The same position is confirmed in Sibanda & Others v The Apostolic Mission of Port Oregon (Southern African Headquarters) SC 49/18 at p 9 in the following manner.

In other words, the respondent as a legal person needs to have locus standi in order to be afforded audience in a court of law. It is trite that locus standi is the capacity of a party to bring a matter before a court of law. The law is clear on the point that to establish locus standi, a party must show a direct and substantial interest in the matter. See United Watch & Diamond Company (Pty) Ltd & Ors v Disa Hotels Ltd & Another 1972 (4) SA 409 (C) at 415 A-C and Matambanadzo v Goven SC 23-04.”


[19] The requirements for valid grounds of appeal were set out by GARWE JA, as he then was, in Zimbabwe Open University v Ndekwere SC 52/19 at para [38] thus:

“A ground of appeal which attacks findings of fact must, therefore, not only allege that the lower court misdirected itself on the facts but must go further and show how that misdirection came about. Merely alleging a misdirection without further substantiation would not be enough as the attack would remain one against a factual finding. In other words, in alleging a misdirection on the facts, the ground of appeal must also show in what way those findings of fact are irrational.”


Again, in the words of LEACH J in Sonyongo v Minister of Law and Order 1996 (4) SA 384 at 385F:

“…it has been held that grounds of appeal are bad if they are so widely expressed that it leaves the appellant free to canvass every finding of fact and every ruling of the law made by the court a quo, or if they specify the findings of fact or rulings of law appealed against so vaguely as to be of no value either to the court or to the respondent, or if they, in general, fail to specify clearly and in unambiguous terms exactly what case the respondent must be prepared to meet.”

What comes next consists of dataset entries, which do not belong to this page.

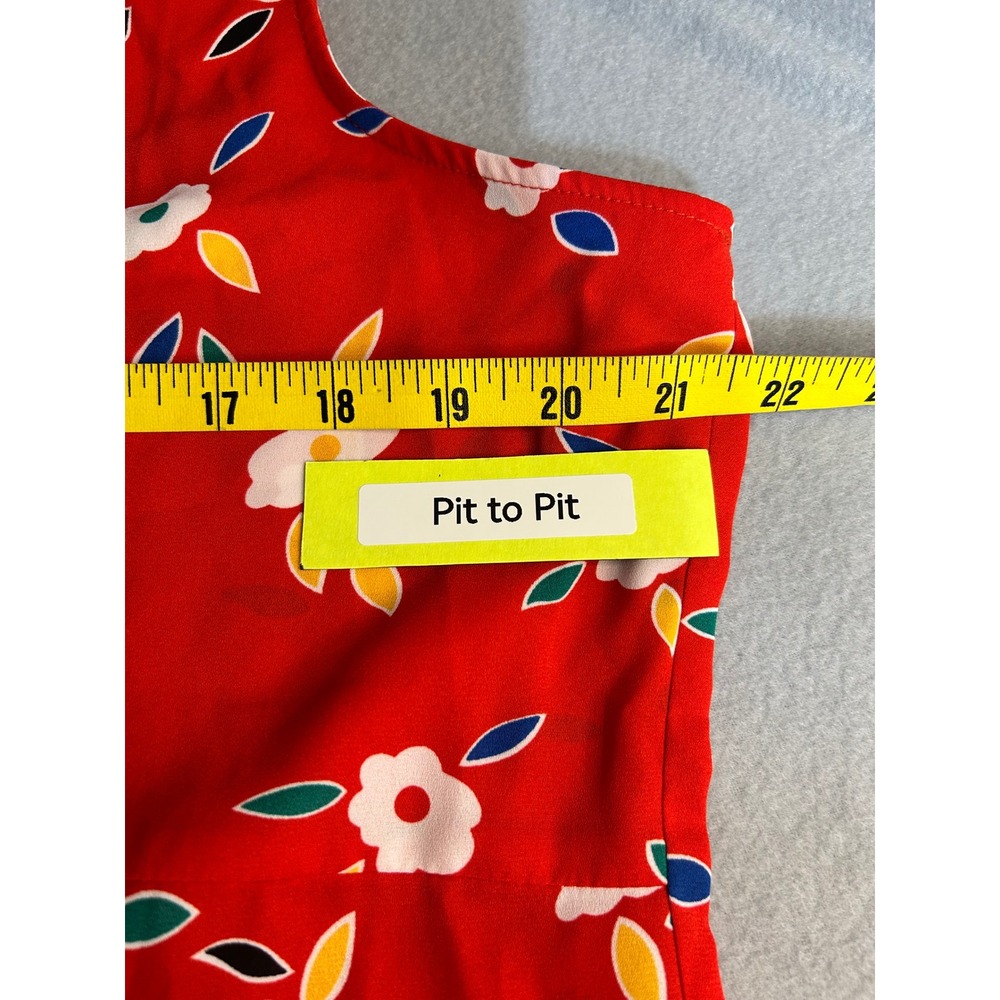 Cabi 5734 The Catch Top Red Large Floral Tie Neck Sleeveless Blouse Summer - Picture 5 of 6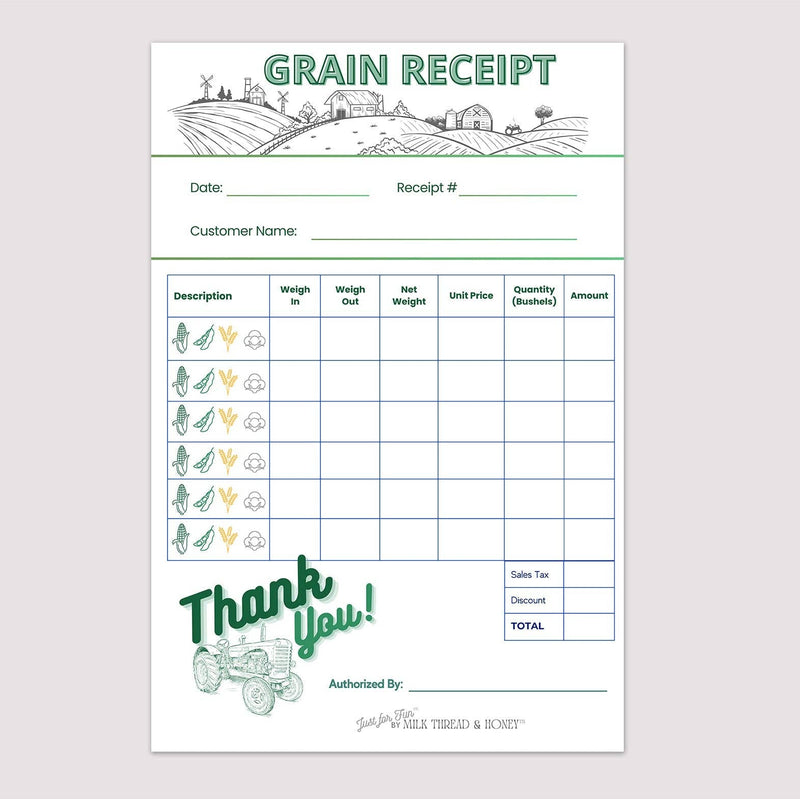 Pretend Play Grain Receipt Notepad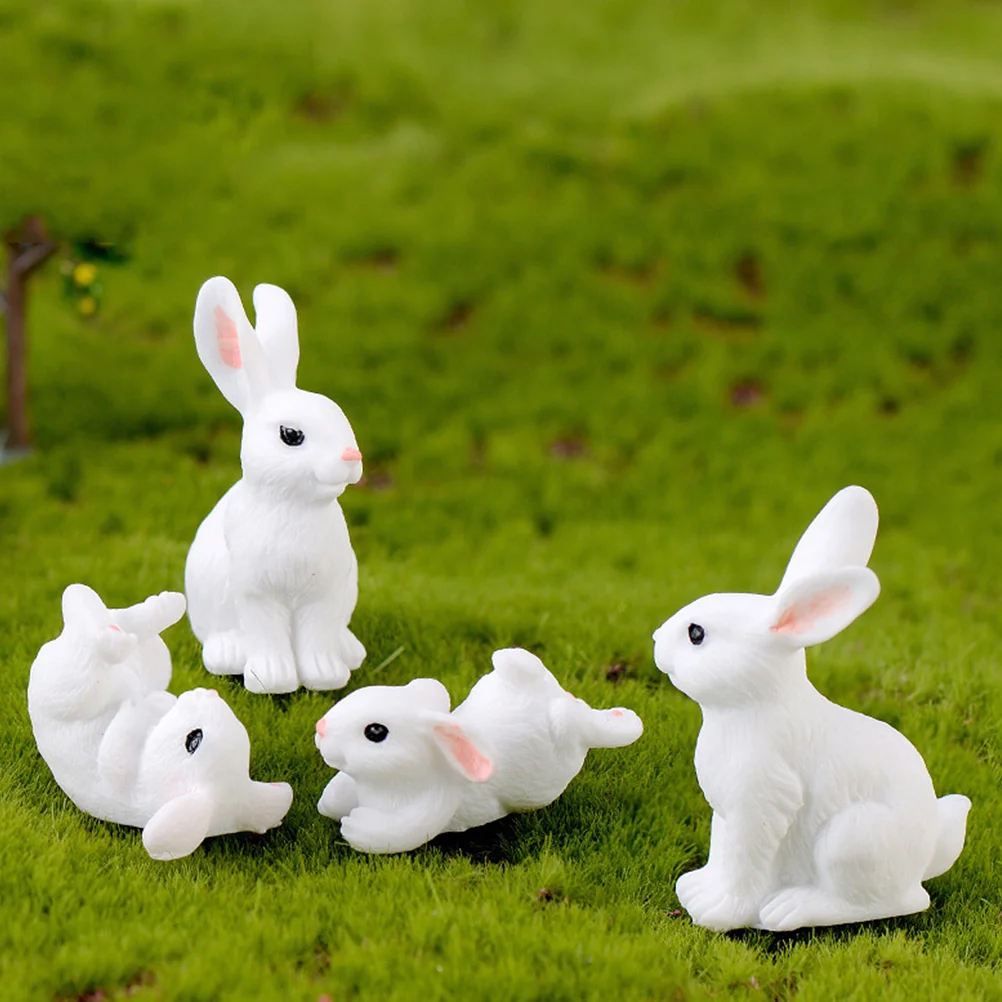 

Rabbit Figurines Resin Animal Bunny Miniature Bonsai Ornament Animals Figures Farm Craft Garden Decor Decorations Toppers Cake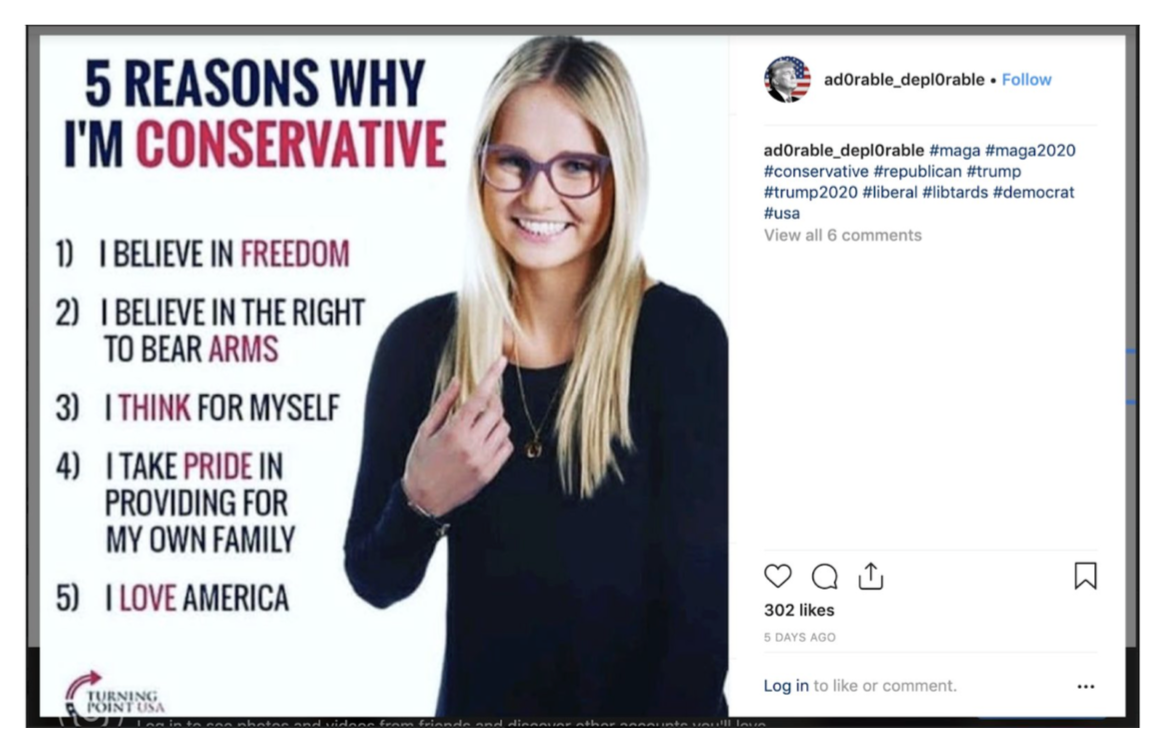 A meme that originated from a conservative group in the US, shared by an account found to be linked to Russian sources.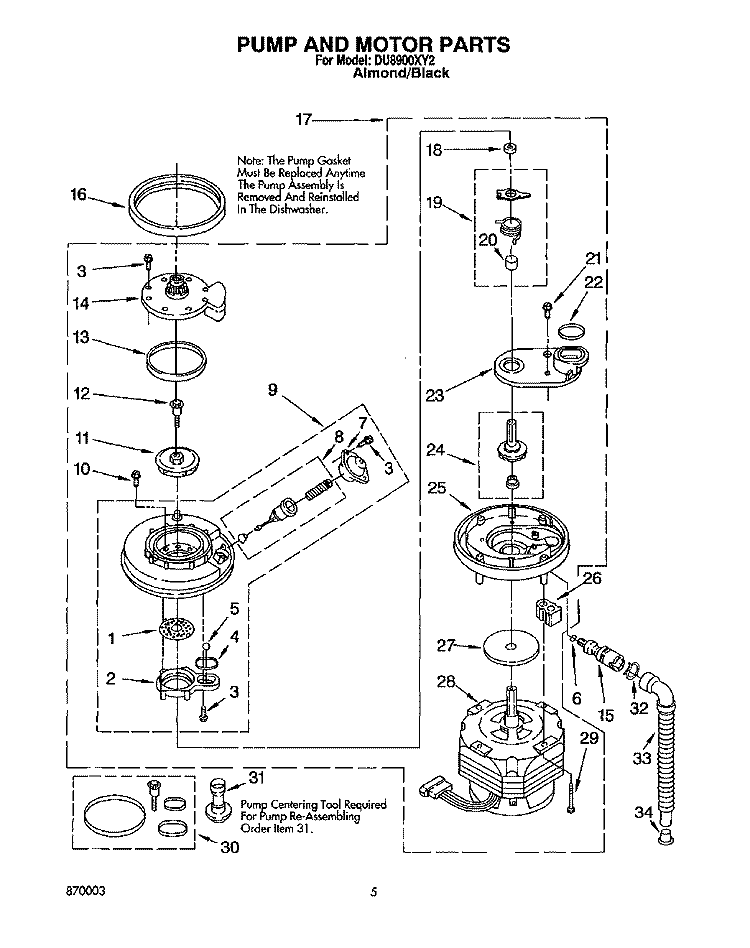 PUMP AND MOTOR Diagram and Parts List for DU8900XY2  Whirlpool Dishwasher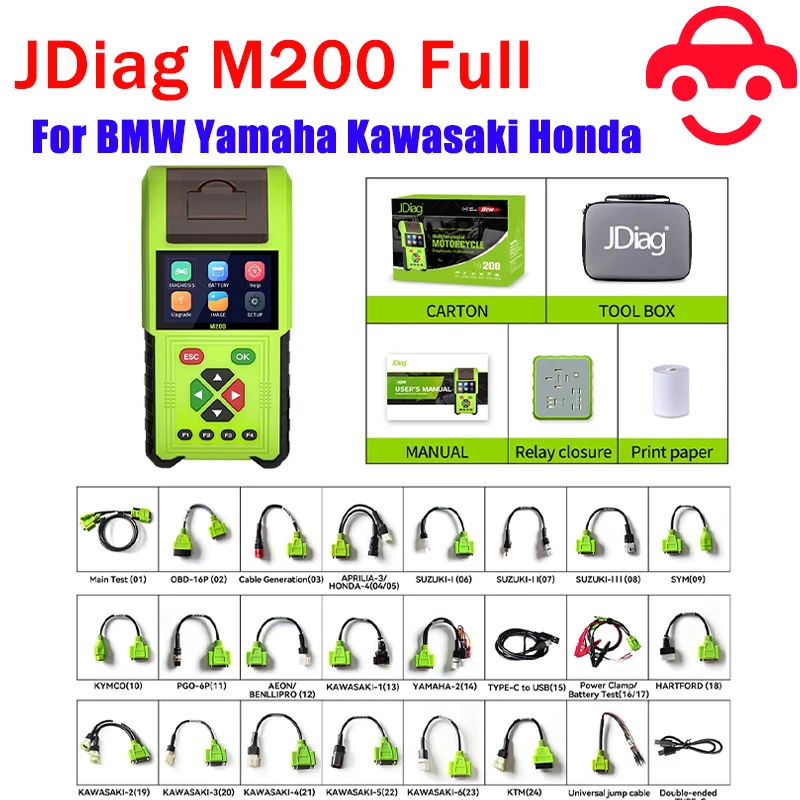 В наличии JDiag M200 Полная версия мотоцикла Диагностический сканер OBD2 Moto Устройство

[20] The impugned intended ground of appeal and relief sought are worded as follows:


“The court a quo erred in finding that the applicant had no locus standi to apply for a mandamus against the first respondent.


RELIEF SOUGHT


TAKE FURTHER NOTICE THAT the appellant seeks the following relief:


  1. That the appeal be and is hereby allowed with costs.

  2. That the judgment of the court a quo is set aside and substituted with the following:

“The point in limine is dismissed with costs”

  1. That the matter is remitted to the court a quo for a hearing and determination on the merits.”



[20] I agree with Mr Munyuru that the sole prospective ground of appeal is incomplete in that it will not inform the court and the respondents how the court a quo erred in arriving at that finding. The ground of appeal is therefore vague and embarrassing. I also agree with him that the third paragraph of the relief sought will be incompetent as, in the event that the prospective appeal succeeds, the court a quo would be obliged to determine the other preliminary points that were raised by the respondents before it can consider the merits.


[21] In view of the above findings, it is not necessary for me to determine whether the application is moot or to delve into the merits of the matter.


[22] There is no conceivable reason why costs on the ordinary scale should not follow the result.


[23] In the circumstances, it is ordered that:

  1. The matter be and is hereby struck off the roll.

  2. The applicant shall pay the respondents’ costs on the ordinary scale.











Gill Godlonton & Gerrans, applicant’s legal practitioners.

Kantor & Immerman, first respondent’s legal practitioners.

Muvingi & Mugadza, second respondent’s legal practitioners.